▶ What is needed
Gather all lines from the material that contain "Shirt".
________________________
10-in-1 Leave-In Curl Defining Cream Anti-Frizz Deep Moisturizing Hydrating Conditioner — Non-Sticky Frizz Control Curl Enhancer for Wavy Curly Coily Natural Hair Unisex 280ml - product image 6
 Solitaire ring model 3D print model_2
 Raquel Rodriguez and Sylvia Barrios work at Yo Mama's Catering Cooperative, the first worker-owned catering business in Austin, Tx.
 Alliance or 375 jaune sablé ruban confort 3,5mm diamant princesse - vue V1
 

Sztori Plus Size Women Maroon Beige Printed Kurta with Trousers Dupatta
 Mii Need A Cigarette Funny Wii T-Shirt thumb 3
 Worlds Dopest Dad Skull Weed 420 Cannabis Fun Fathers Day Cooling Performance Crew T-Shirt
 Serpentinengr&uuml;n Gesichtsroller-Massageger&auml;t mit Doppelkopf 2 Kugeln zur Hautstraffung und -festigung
________________________
▶ Exercise result
 Mii Need A Cigarette Funny Wii T-Shirt thumb 3
 Worlds Dopest Dad Skull Weed 420 Cannabis Fun Fathers Day Cooling Performance Crew T-Shirt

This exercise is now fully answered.